README: note LoRA-XS all-linear spread didn't help (test 55.6 vs down_proj 56.8)

Paper spreads LoRA-XS across all q/k/v/o + FFN linears, not down_proj only. Tried it (150 modules, 0.154M params): test 55.6 / valid 62.0, slightly below the down_proj row at 6x params, within single-seed noise. down_proj-only stays the table entry. result: outputs/metamath_gsm8k_alllinear/...__seed0/result.json Co-Authored-By: Claudypoo <288921227+claudypoo@users.noreply.github.com>
2026-06-27 16:45:56 +08:00 · 2026-06-18 23:49:36 +08:00
parent 5d910996b3
commit 8005423c47
1 changed files with 6 additions and 0 deletions
@@ -69,6 +69,12 @@ fwd/bwd = median ms over one batch. init = one-time calibration (EVA's PCA; ~0 f
 CUDA memory is ~9.8 GB for every row.
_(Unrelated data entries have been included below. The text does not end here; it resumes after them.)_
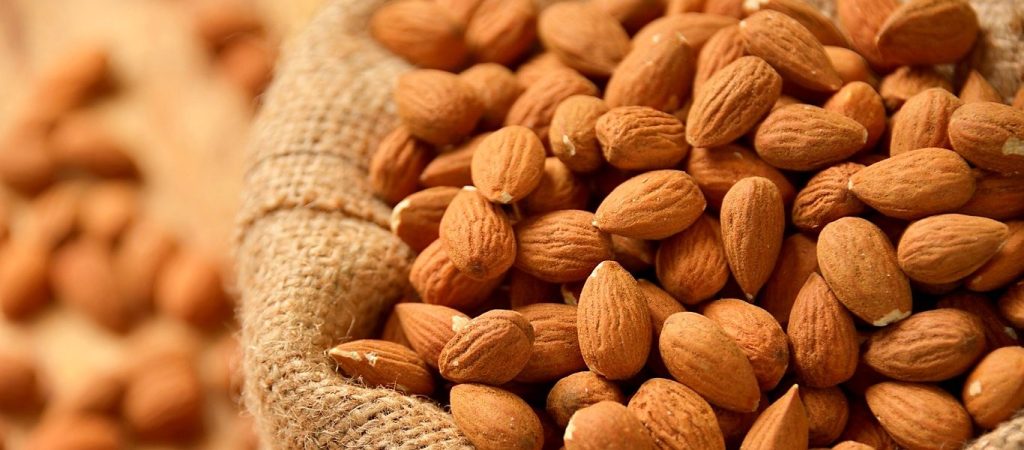 Αμύγδαλο: «Φροντίζει» την καρδιά και όχι μόνο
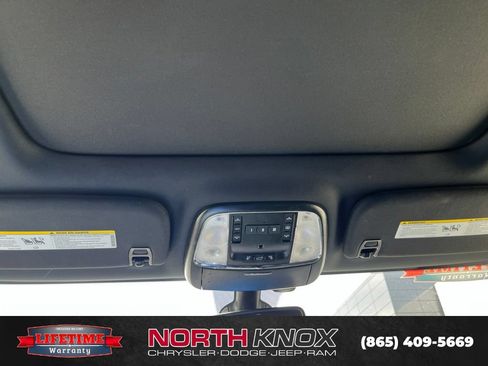 Used 2021 Jeep Grand Cherokee Limited w/ Luxury Group II RWD image 11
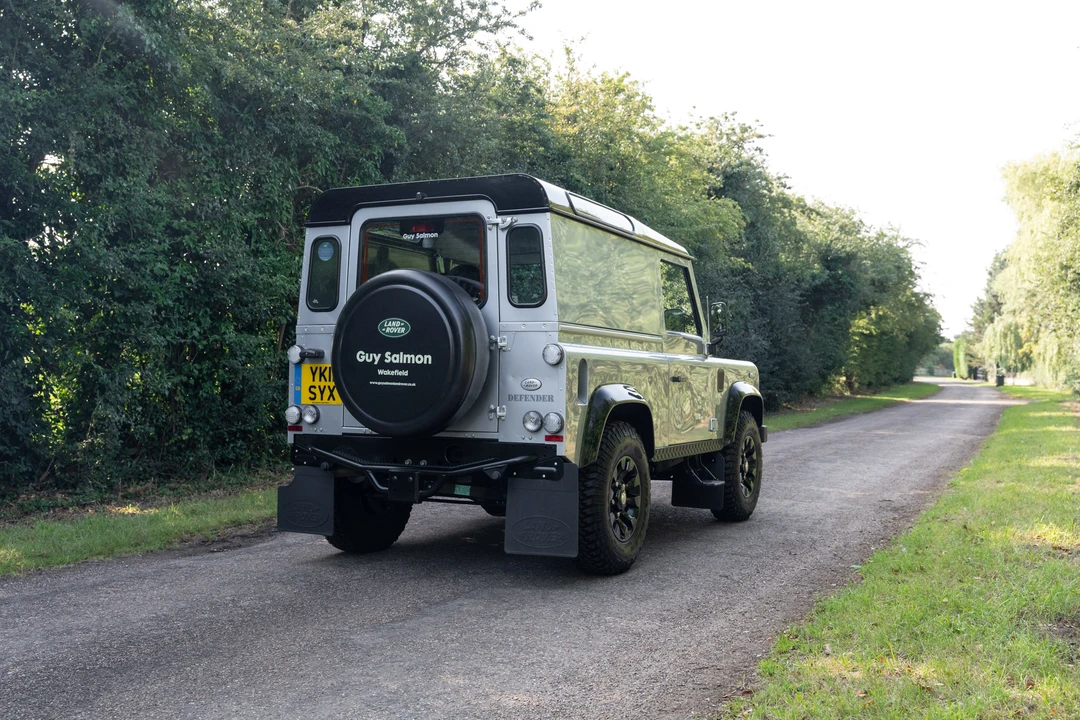 2011 Land Rover Defender 90 - Image 14 of 31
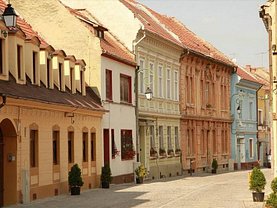 Casa de închiriat 4 camere, în Braşov, zona Centrul Istoric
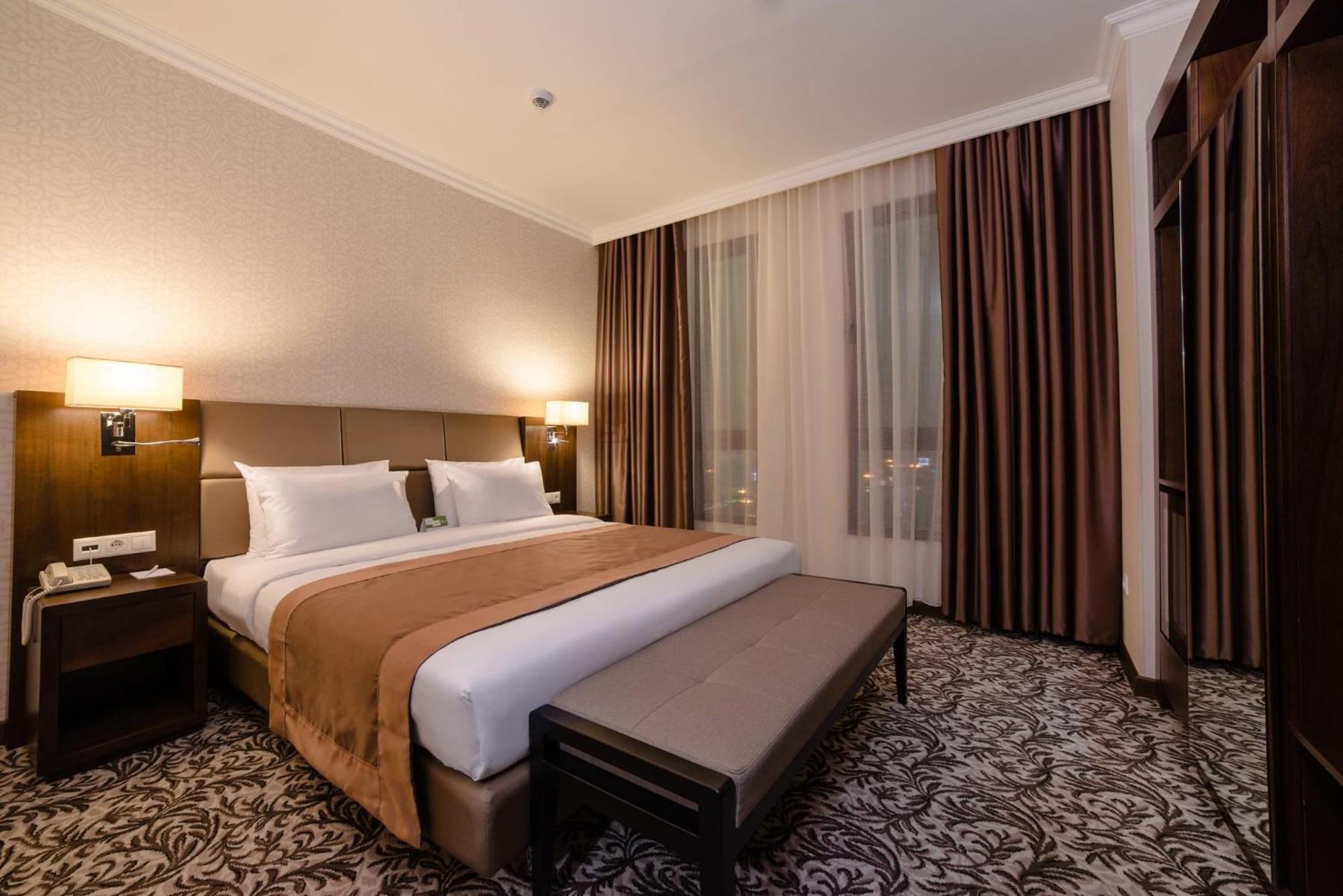 Holiday Inn Aktau By Ihg Exteriör bild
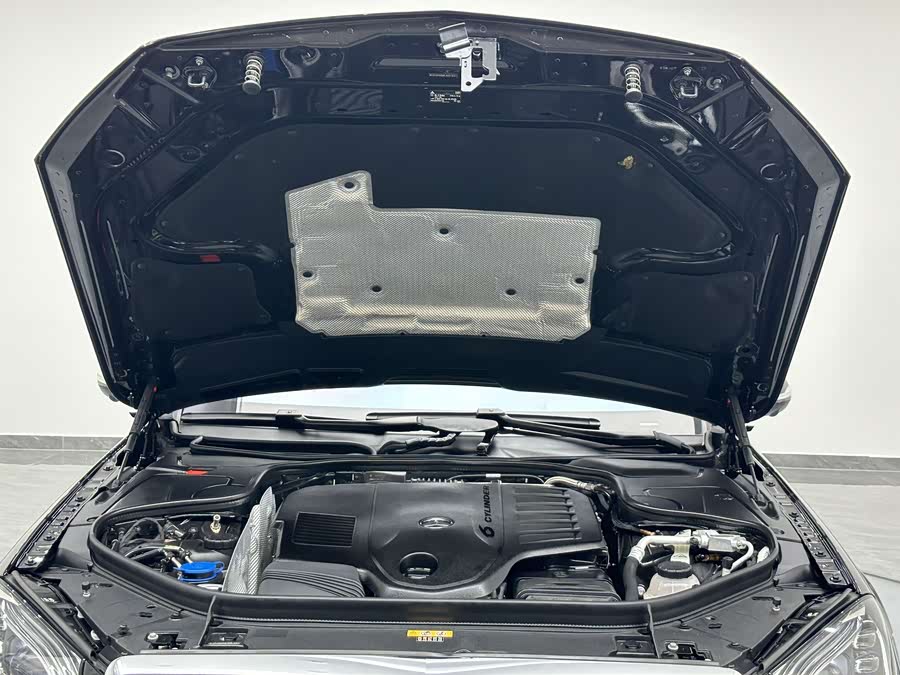 Mercedes-Benz Maybach S Class 2020 car image #30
Single seed, so accuracy differences within ~1.4pp (test
 SE at n=1319) are noise.
 Every row targets `down_proj` only, for an all-else-equal rank comparison. LoRA-XS is the one
 method whose paper instead spreads across all q/k/v/o + FFN linears. Trying that here (150 modules,
 0.154M params) did not help: test 55.6 / valid 62.0, slightly below the down_proj row at 6x the
 params, within single-seed noise. So down_proj-only stays its table entry. Result:
 `outputs/metamath_gsm8k_alllinear/Qwen--Qwen3.5-0.8B-Base__lora_xs__s2500__seed0/result.json`.
 We validate our adapters the same way [PEFT](https://github.com/huggingface/peft/tree/main/method_comparison) does: train on a MetaMathQA subset and check meaningful GSM8K accuracy. See [this file](scripts/metamath_gsm8k_benchmark.py) for details.
 AntiPaSTO is the novel row here: instead of adding trainable directions like LoRA, it freezes W's own top-r SVD and learns only a per-direction singular-value delta plus a block-diagonal Cayley rotation of that frozen basis. The singular directions stay interpretable and the adapter is tiny (15K params, ~230x smaller than LoRA's 3.54M) yet stays within noise of the full-rank adapters. The default rotates the input basis (V); rotating the output (U), both, or neither are `rotate_basis` ablation axes.